# my halo projectors r melting!



## krylonkoopaa (Sep 13, 2002)

the reflector in my halos r melting Im like wtf i havent seen this problem before has ne one delt with this problem or any ony hhave spare internals for the projector headlight . that pisses me off...


----------



## holy200sx (Jan 8, 2003)

melting.. as in paint is melting.. or.. as in plastic is melting... maybe dim them 100W bulbs..


----------



## Token Moron (Mar 28, 2003)

my shits were melting too, right where the plastic holds the bulb..that shit was turning brown, didnt pay any more attention(nothing i can do really) so now it doesnt look burned


----------



## krylonkoopaa (Sep 13, 2002)

where the plastic holds the bulb but itsd bad.


----------



## 1CLNB14 (Apr 30, 2002)

What wattage bulbs are you running?


----------



## krylonkoopaa (Sep 13, 2002)

optilux h3 bulbs


----------



## samo (Apr 30, 2002)

Which are what wattage?


----------



## krylonkoopaa (Sep 13, 2002)

i dont know ichanged them to 55w hope thats better and bright enough so i can see


----------



## 1CLNB14 (Apr 30, 2002)

Never go any higher than 55w...ever.


----------



## krylonkoopaa (Sep 13, 2002)

lol I like the way you said that ill remember that. i wasnt paying any attetion to the wattage.
but now I think ill be needing new ones


----------



## Rodrigo (Mar 26, 2003)

i PURCHASED MY HALO PROJECTORS(BLACK NOT GUN METAL) LIKE 1 MONTH AGO AND THEY ARE VERY NICE i JUST THINK THAT THE REGULAR LIGHTS ARE KINDA WEAK i WOULD LIKE TO UPGRADE TO XENON BLUE OR SUPER WHITE BUT i WAS WARNED THAT THEY MIGHT MELT THE HARNESS IF i UPGRADED THE BULBS TO A HIGHER WATTAGE . ANY SUGGESTIONS ON WHAT I SHOULD DO?
I CHECKED ON EBAY BUT ALL THE BULBS SAY 55W/60W AND IMPROVES TO 100W/110


----------



## Rodrigo (Mar 26, 2003)

AND IM AFFRAID THAT WILL MELT THE LIGHTS!!!!!! NOOOOOOOOOOO...


----------



## sethwas (Apr 30, 2002)

Yup,
They will.

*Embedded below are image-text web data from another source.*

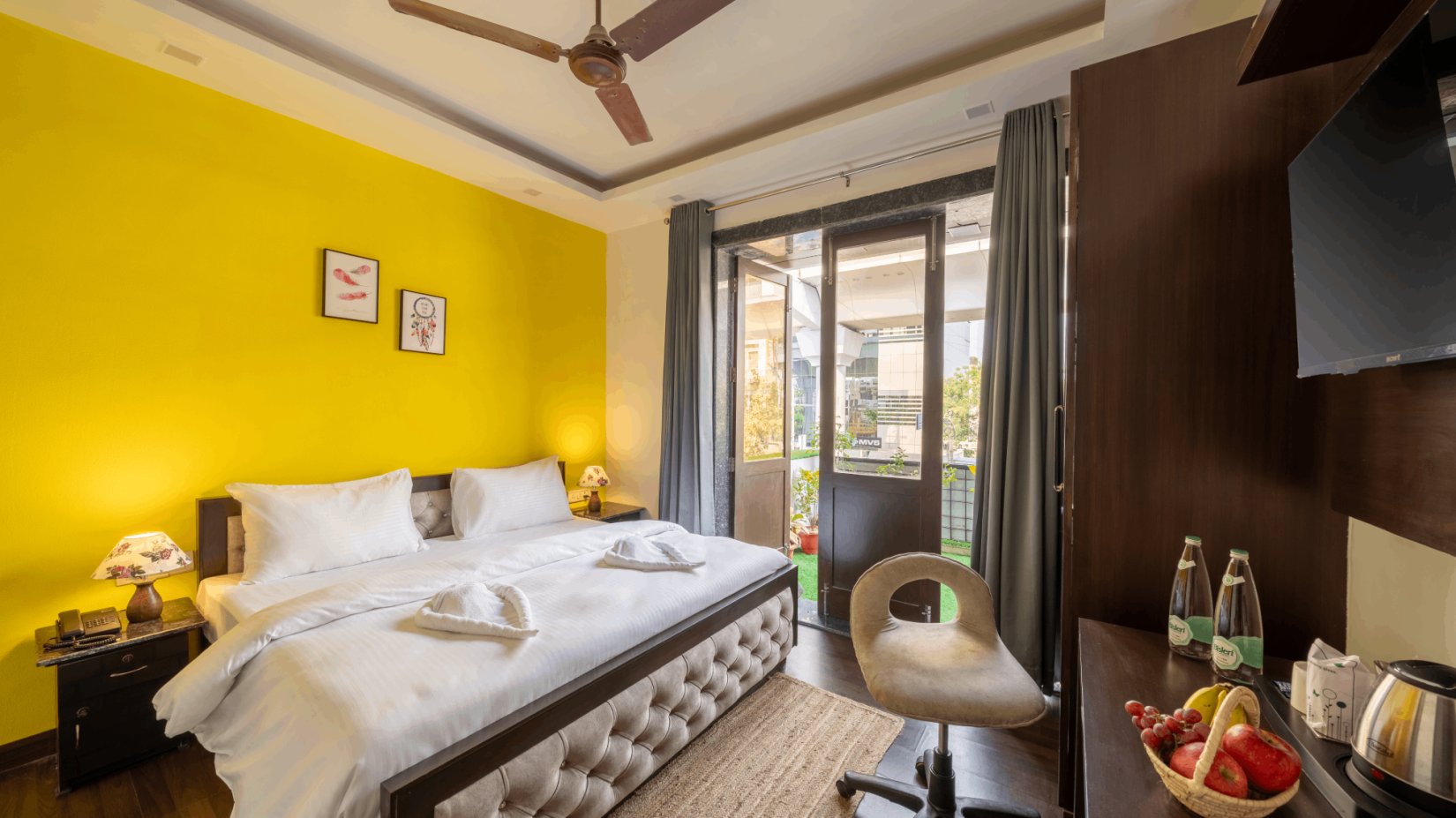Hotels-in-Delhi-Lime-Stay-Bedroom-with-Balcony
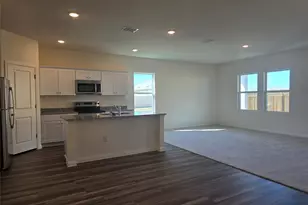 509 McFadin Wy, Taylor, TX 76574 - Photo 16
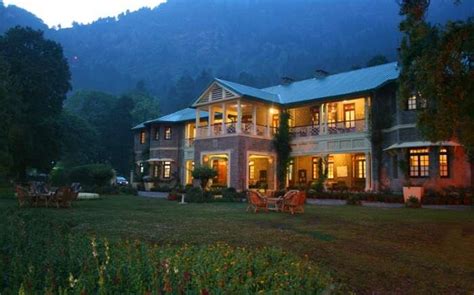 10 Best Resorts In Nainital For Your Himalayan Staycation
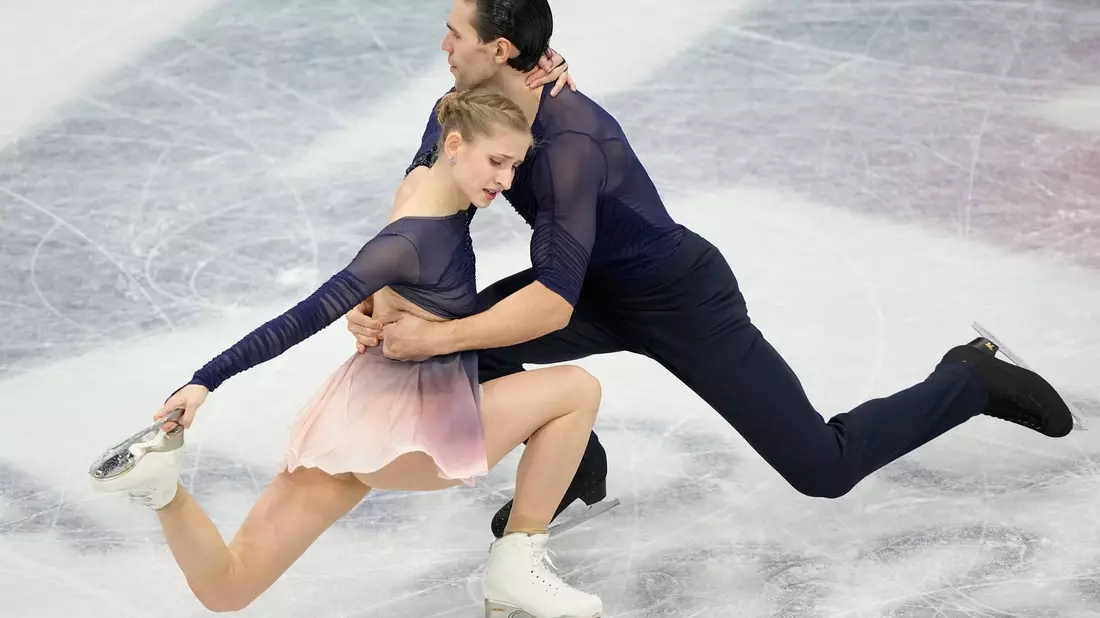 Minerva Hase (l) und Nikita Volodin fielen in der Kür vom ersten auf den dritten Platz zurück. - Bild: Natacha Pisarenko/AP/dpa
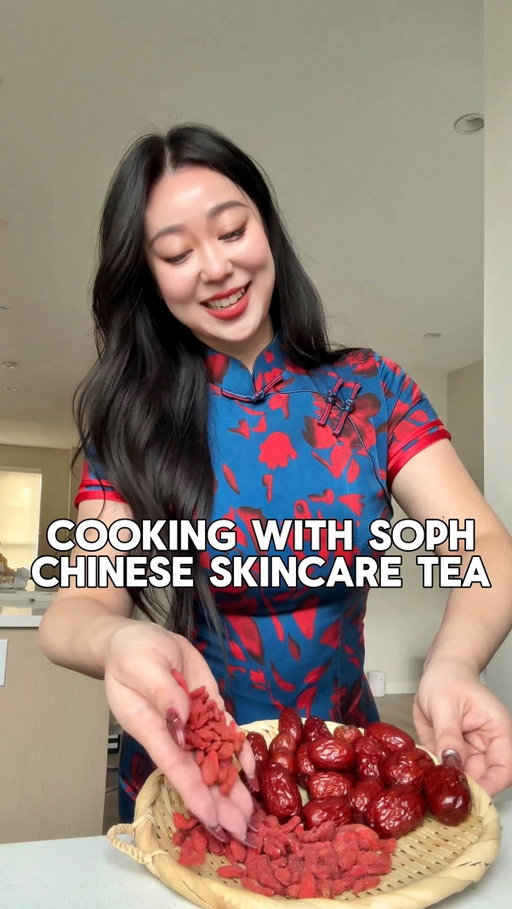 SAY GOODBYE TO INFLAMMATION, DRY THROAT, AND WEAK SPLEEN 🤭

Welcome to your CHINESE ERA! Since I have been chinese for decades and I grey up with a TCM mom, I’m sharing the hacks 🥹

How I make my daily TCM tea: 
—soak jujubes in water 
—peel and slice ginger 
—boil water in a pot 
—add peeled pear, jujubes, goji berries, ginger
—optional: add any tea of choice and rock sugar 

WOULD YOU TRY THIS?? 

-

#chinese #traditionalchinesemedicine #tcm #chinesegirl #chinesenewyear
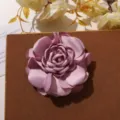 Flor de camelia de tela de satén vintage borde quemado DIY elegante pinza de pelo broche accesorio - Púrpura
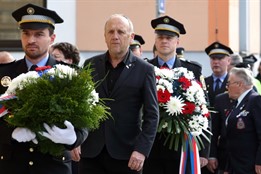 Desítky lidí si ve čtvrtek připomněly příběh tří leteckých hrdinů z...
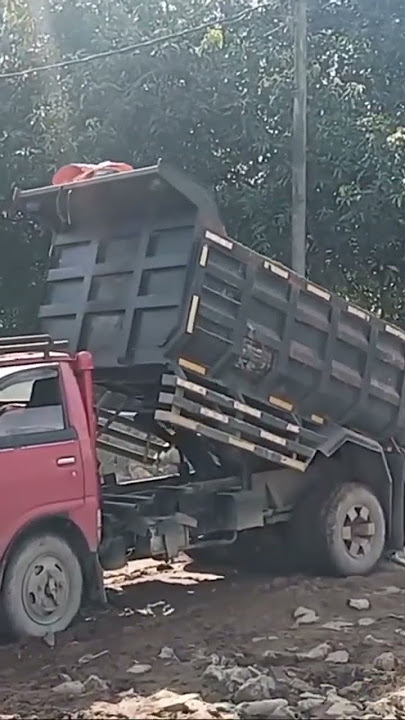 MOBIL TRUK DYNA RINO BONGKAR MUATAN PASIR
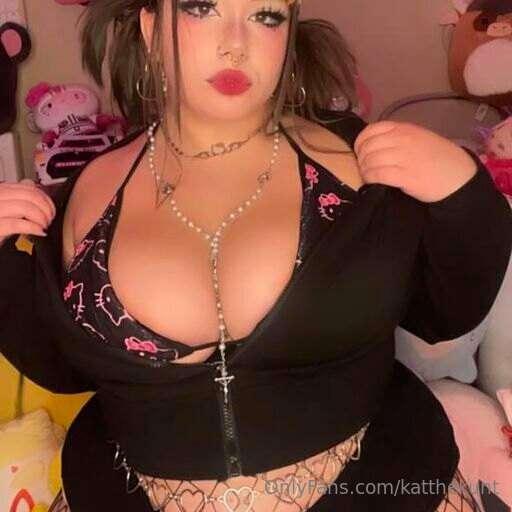 Does boob size matter?🤔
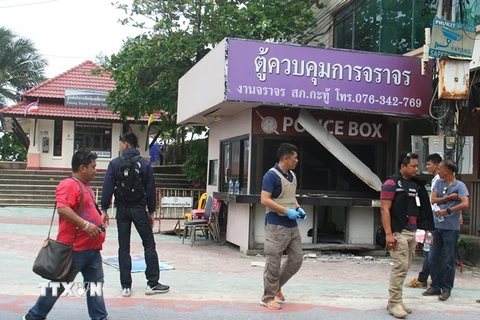 Cảnh sát Thái Lan điều tra tại hiện trường vụ đánh bom ở Patong, tỉnh Phuket ngày 12/8. (Nguồn: EPA/TTXVN)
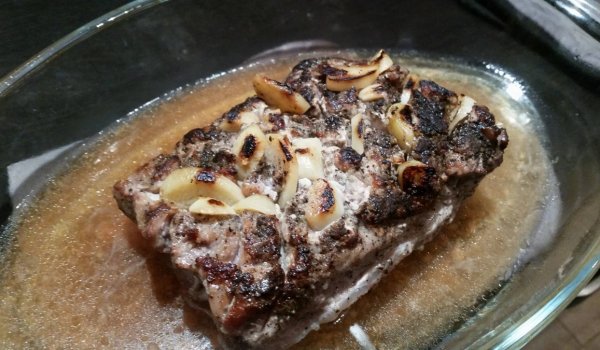 Свинско бонфиле с чесън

However your halos probably have H1/H3 lights not the 9004/7 that the e-bay guys are selling. They only come in 5w or 100w anyway (at pep-boys, DAP, wal mart, canadian tire, etc.)
If you want the best light for a halo, spend about $400 and get two projector housings of an A4 or 5 series and get a pair of modules and some HID bulbs.

Seth


----------



## LIUSPEED (May 29, 2002)

sethwas said:


> *Yup,
> They will. However your halos probably have H1/H3 lights not the 9004/7 that the e-bay guys are selling. They only come in 5w or 100w anyway (at pep-boys, DAP, wal mart, canadian tire, etc.)
> If you want the best light for a halo, spend about $400 and get two projector housings of an A4 or 5 series and get a pair of modules and some HID bulbs.
> 
> Seth *


hey seth u forgot a6.. that wat im doing now.


----------



## sethwas (Apr 30, 2002)

/\/\
Well,
If you want to be technical:
Any BMW xenon housing will fit including the X5 which is the largest.
Any audi xenon housing will fit. Audi's are usually the smallest.
Mercedes xenons will fit but are rare and pricey.
the maxima xenons may fit but are reflector style and need alot of fabrication.
Lexus xenon fit as well but are also more difficult to find and pricey.
Finally the Acura TL has xenons which may fit, but your best bet is to stick with A4/a6 or 3/5/x series since they have the quantity and the odds of a broken one finding its way to your local junk yards.

Seth

http://faq.auto.light.tripod.com/car-oem-hid.htm


----------



## krylonkoopaa (Sep 13, 2002)

every light bulb i have had in there was 55w i think because i always have my lights on at night i do alot of driving at night . maybe thats why 
the optilux light were 55w


----------



## go4broke44 (Jan 14, 2003)

i got a question, what is up with all this "SODA" stuff?


----------



## krylonkoopaa (Sep 13, 2002)

http://www.nissanforums.com/showthread.php?s=&threadid=19997&highlight=soda

http://www.nissanforums.com/showthread.php?s=&threadid=17712&highlight=soda


then you will understand grasshopper why soda PWNS JOO and fcs


----------



## sentravis (Jul 7, 2002)

you mean what is up with all this POP stuff.. hee hee hee.. the only way they would have melted is if you used like 95/100 or somewhere close of wattage. Or if your nutrial or ground was not getting a good conection.. i HATE the 65w bulbs and LOVE the 95/100 eurolites. and yes they are melting my harnesses. so i got some new harnesses from napa and autozone.. im seeing if this will hold. if not.. saving up for HID. Travis


----------



## krylonkoopaa (Sep 13, 2002)

no my harness is fine the bulbs were 55w but i also got some optilux 55w bulbs but I usually drive alot at night so my headlights r on alot. or maybe i just happen to get a cheap pair.


----------



## Rodrigo (Mar 26, 2003)

I found out a place here in miami that sells H1 & H3 55w bulbs I purchased them and put them in .reason for doing this was because down here in miami the rain got up to 3 feet!!!!!!!!!! I had water coming over my hood when I got home my lights had water in them so I removed them and with a blow dryer dryed thm and then put silicone around them so this dont happen again.
If any one wants the 55 w bulbs let me know this way the harness wont melt.


----------